“Living in America is like riding a bicycle: if you stop pedaling, you’ll fall,” This is the doctrine my father has lived by ever since we moved to the United States.
1996, in a third-world country, in the corner of a beaten-down apartment sits a TV on a small, chipped stand; the flickering lights of midnight Manhattan illuminate the screen. Skyscrapers stand like crowned jewels that any man would dream to reach. Charming businessmen, big white smiles, bustling streets: this is where you want to be. At this moment, my father found himself paralyzed from astonishment at the scene before him on the small television screen. America truly was the land of opportunity, and so it stood as a beacon of hope in the dimmed light of my father’s eyes. After all, only those who have felt the cold, rigid bars of their cage know the incomprehensible sensation of having their innate longing for liberty awoken.
My mother would often describe the immense hardships she faced while growing up. At a mere 18 years old she knew there were very limited options in life.
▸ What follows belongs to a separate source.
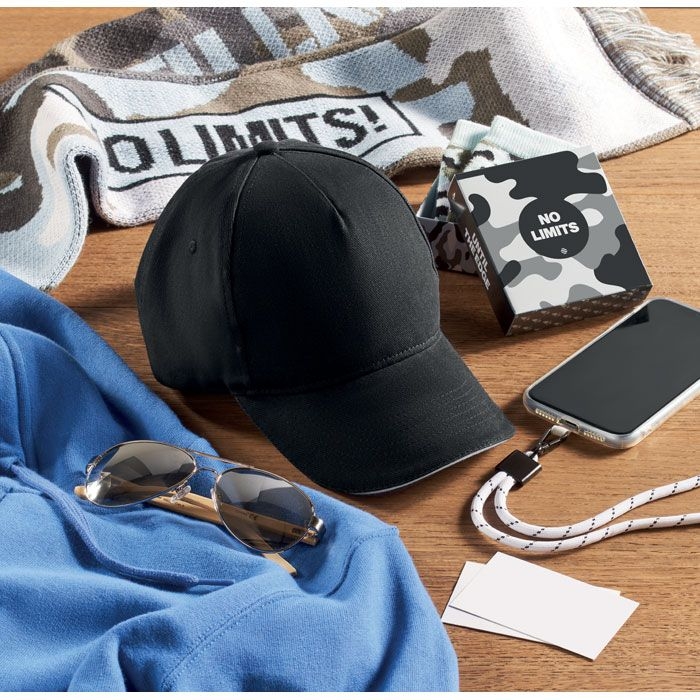 MO6875-33Long Beach Singa Baseball cap 5 panels 260g_m²_ weiss_schwarz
As my parents put it, you are stuck. There is no hope in places such as these, and as a direct repercussion, generation after generation, passion dies down and ambition is lost because ambition itself, is a lost cause. Was this how our forefathers felt?
It was on July 4th, 1776, that our Founding Fathers drafted a document that would attract more immigrants seeking opportunity to America than any other country in the world. Did the forefathers imagine a man like my father or a woman like my mother when they wrote the words “inalienable rights”? There may have been numerous issues that our forefathers disagreed on, but they all promised individual rights. They vowed that we would all not just experience liberty–but would have the liberty to pursue our happiness–an idea that is so powerful and essential to everything that America symbolizes today–and an idea that was so foreign to my parents.
In 2015, when my family was sworn in as citizens of the United States of America–fulfilling our American Dream–the judge told me something that has since been burned into my mind: “Your rights are like a muscle: if you do not exercise them, they will atrophy.” I have been blessed enough to have such opportunities lie within the palm of my hand, and it would be a sin not to grasp it with all my might. I know there are people who would readily leap into a lion’s den to merely brush their fingertips across such a precious gift.
I will never forget what I am capable of because I reside in this country, I commend the unwavering dedication of our Founding Fathers for this, and–most importantly–I will never stop pedaling.